- Exercise goal -
Only the lines from the one containing "Onyx Black /" through the last line of the material should be copied, exactly as written and without pictures.

- Data extracts -
○ ○ ○ ○ ○ ○ ○
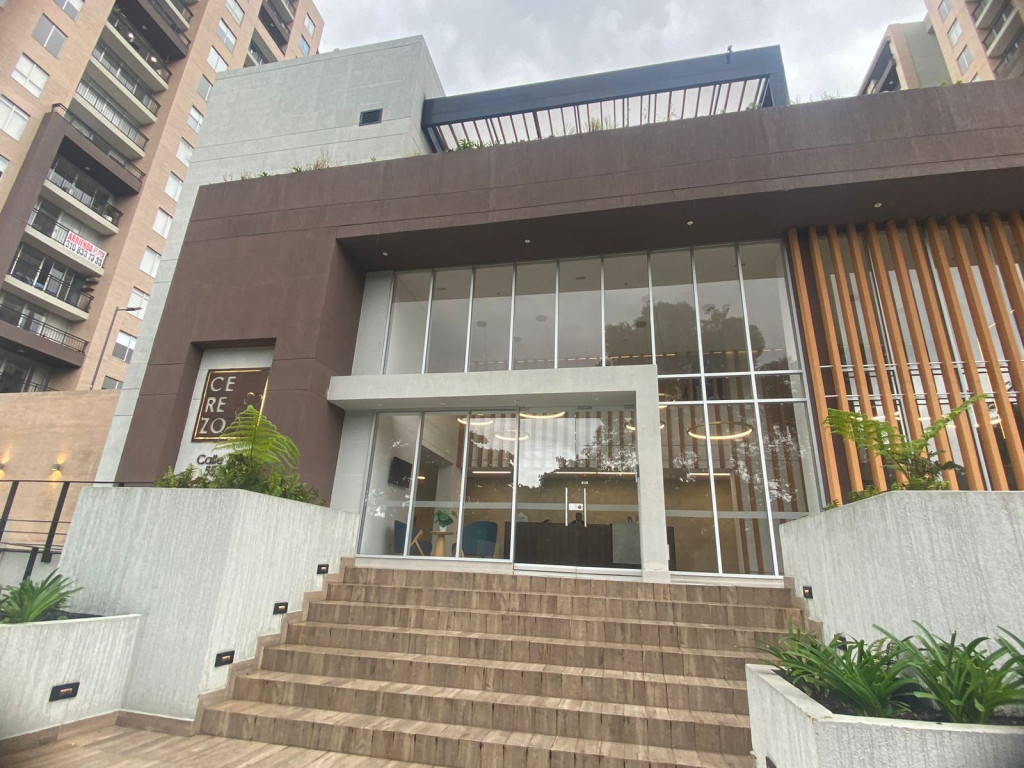 Apartamento en venta en Mirandela, Bogotá · foto 2 de 17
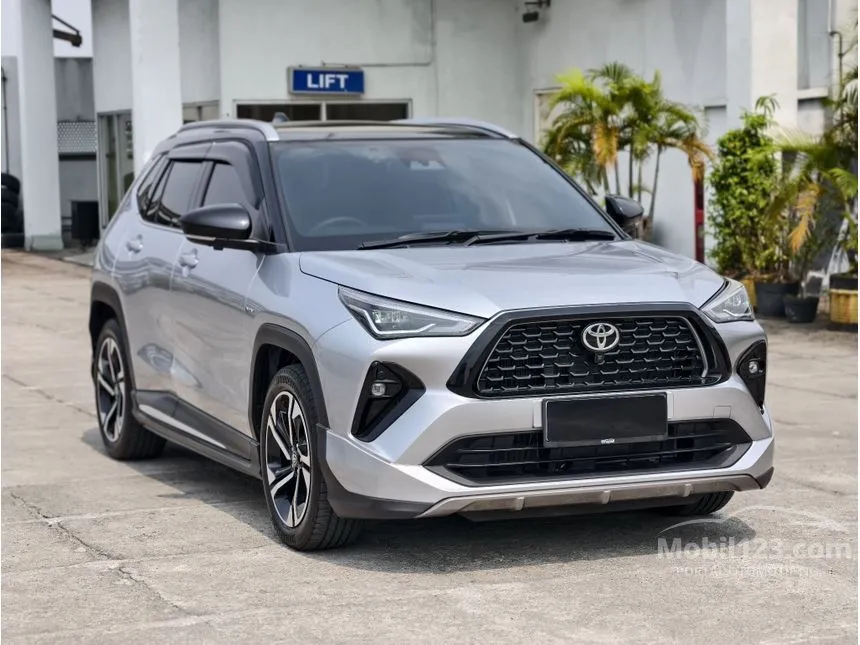 2025 Toyota Yaris Cross S HV (2 Tone) with GR Parts Aero Pkg SUV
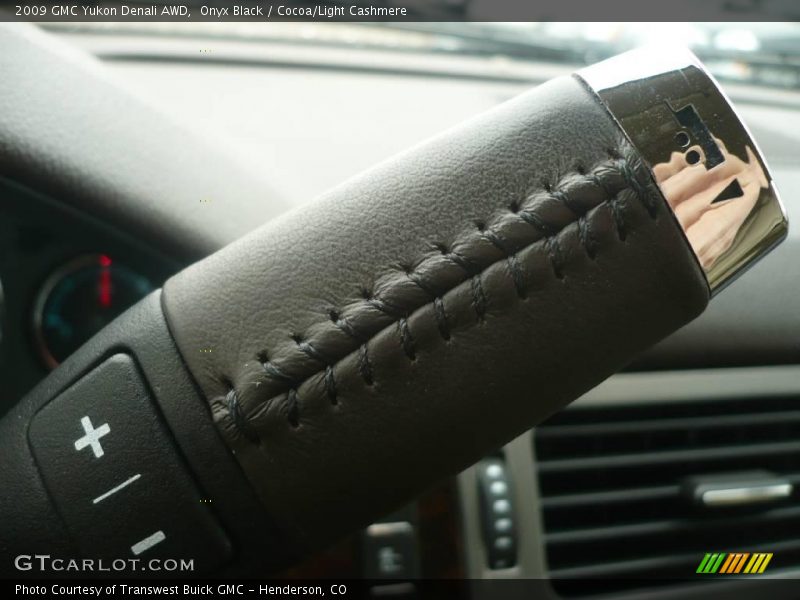 Onyx Black / Cocoa/Light Cashmere 2009 GMC Yukon Denali AWD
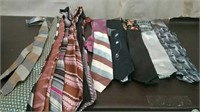 Box-20+ Men's Neck Ties, Assorted Sizes Brands
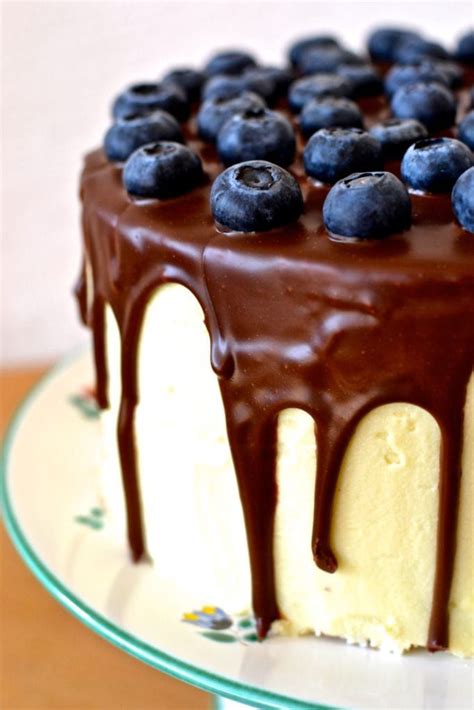 Bloggeburtstag: Schokotorte mit weißer Schokolade Mascarpone Creme | Laura dreams of Cakes ...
○ ○ ○ ○ ○ ○ ○
- Answer -
 Onyx Black / Cocoa/Light Cashmere 2009 GMC Yukon Denali AWD
 Box-20+ Men's Neck Ties, Assorted Sizes Brands
 Bloggeburtstag: Schokotorte mit weißer Schokolade Mascarpone Creme | Laura dreams of Cakes ...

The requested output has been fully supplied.